Rob Henderson interprets this through the lens of evolutionary psychology, specifically intrasexual competition. He coined the term "Girl Boss Gatekeeping" for this phenomenon. It describes how women with power and influence can affect the behavior of other women. By promoting messages that dating is not worth it or that men are undesirable, while privately pursuing conventional relationships, they indirectly suppress other women's opportunities to find partners.
This behavior closely resembles a luxury belief. Rob defines these as follows:
Ideas and opinions that confer status on the affluent while inflicting costs on the less fortunate members of society.
Promoting anti-relationship ideas makes the speaker appear compassionate, but it can reduce happiness for those who adopt the belief. Sociological data consistently shows that married people with children are the happiest. For women specifically, single women without children report the lowest happiness levels, while married women with children report the highest.
This messaging from elite institutions and individuals appears to have a tangible impact. While marriage and birth rates remain high among the highly educated, fertility has declined most significantly among lower-income women. These women may be more influenced by anti-natalist messaging that ultimately guides them away from pathways to happiness.
Modern relationships are becoming brand collaborations
Relationships are increasingly viewed through an influencer-first perspective, where online perception is the most valuable currency a woman has. This has led to the idea that modern relationships are less about meaningful connections and more akin to brand collaborations.
Most relationships now are more brand collaborations than they are meaningful connections.
Rob notes a societal shift that seems to discourage committed relationships. He references an essay by Freya India which points out a modern paradox. If a 23-year-old woman is single and dating, her parents are likely supportive. However, if she announces her engagement, many educated, upper-middle-class parents might react with horror, fearing she is derailing her career. This is a complete reversal of traditional societal expectations, where finding a suitable partner at a young age would have been celebrated.
Chris observes that much of this dynamic is driven by female intrasexual social status and online perception.

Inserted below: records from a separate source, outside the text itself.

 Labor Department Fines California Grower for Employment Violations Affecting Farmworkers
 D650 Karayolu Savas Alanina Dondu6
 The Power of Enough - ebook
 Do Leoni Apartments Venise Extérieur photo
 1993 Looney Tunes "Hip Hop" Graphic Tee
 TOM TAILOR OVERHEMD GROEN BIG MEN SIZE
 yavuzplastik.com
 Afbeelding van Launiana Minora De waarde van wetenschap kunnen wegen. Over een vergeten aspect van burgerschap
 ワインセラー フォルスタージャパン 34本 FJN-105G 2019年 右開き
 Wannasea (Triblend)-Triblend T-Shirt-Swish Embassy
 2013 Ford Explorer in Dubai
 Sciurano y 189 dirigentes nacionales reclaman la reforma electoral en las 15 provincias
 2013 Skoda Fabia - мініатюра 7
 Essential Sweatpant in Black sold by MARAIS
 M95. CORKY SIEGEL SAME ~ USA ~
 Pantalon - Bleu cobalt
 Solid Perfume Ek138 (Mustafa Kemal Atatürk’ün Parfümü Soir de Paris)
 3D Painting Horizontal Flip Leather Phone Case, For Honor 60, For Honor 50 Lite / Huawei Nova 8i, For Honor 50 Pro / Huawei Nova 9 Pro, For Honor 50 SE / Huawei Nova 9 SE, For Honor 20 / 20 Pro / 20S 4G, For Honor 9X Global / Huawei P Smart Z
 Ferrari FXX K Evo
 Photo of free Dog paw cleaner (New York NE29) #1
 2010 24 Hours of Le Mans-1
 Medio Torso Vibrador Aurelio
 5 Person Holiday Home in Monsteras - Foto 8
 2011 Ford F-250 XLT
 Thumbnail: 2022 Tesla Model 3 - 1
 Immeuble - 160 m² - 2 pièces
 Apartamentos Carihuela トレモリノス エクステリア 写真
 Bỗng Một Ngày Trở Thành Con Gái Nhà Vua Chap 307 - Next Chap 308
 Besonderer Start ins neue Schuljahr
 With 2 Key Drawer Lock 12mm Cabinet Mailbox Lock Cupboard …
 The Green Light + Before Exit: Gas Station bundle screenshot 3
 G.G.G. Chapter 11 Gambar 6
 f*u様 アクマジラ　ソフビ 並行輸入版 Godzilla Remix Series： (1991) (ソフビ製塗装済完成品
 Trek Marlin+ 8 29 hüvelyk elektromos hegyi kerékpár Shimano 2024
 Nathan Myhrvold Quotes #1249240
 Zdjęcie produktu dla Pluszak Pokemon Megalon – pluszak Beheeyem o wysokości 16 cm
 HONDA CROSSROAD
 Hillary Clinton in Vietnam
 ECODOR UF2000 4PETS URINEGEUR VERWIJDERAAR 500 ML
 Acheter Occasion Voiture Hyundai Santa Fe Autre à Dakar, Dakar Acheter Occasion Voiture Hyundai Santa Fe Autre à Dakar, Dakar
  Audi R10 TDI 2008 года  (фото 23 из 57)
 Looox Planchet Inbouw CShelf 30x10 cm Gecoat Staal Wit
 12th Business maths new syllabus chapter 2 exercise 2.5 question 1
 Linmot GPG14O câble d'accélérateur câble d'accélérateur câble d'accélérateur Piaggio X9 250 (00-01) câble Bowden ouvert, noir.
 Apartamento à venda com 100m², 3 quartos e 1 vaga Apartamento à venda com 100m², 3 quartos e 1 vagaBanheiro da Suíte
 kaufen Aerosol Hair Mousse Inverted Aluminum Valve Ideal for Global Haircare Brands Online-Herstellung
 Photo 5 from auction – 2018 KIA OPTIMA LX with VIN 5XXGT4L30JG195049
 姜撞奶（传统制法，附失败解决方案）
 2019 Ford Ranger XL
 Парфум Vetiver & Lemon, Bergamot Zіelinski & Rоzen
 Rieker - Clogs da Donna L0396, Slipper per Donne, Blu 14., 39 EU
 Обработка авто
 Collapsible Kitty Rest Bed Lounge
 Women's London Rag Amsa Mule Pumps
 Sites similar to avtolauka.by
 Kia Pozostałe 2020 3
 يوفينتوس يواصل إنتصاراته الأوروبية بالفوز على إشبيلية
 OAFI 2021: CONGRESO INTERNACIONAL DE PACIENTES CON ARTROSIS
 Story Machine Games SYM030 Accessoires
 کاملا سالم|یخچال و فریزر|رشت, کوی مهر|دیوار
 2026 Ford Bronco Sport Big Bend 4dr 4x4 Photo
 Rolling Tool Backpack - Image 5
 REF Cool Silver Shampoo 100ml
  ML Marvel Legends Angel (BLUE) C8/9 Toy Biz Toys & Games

When a woman posts about her boyfriend, she often loses followers. While some of these are male followers who were hoping for a chance, many are other women. This can happen for two reasons. First, seeing a successful relationship can make other women feel uncomfortable in a difficult dating market. Second, and more interestingly, relationship content is often perceived as boring. A single woman's life is seen as more exciting than a cute photo of a couple at a pumpkin patch. This prioritizes the excitement of one's online life over the enjoyment of one's real life.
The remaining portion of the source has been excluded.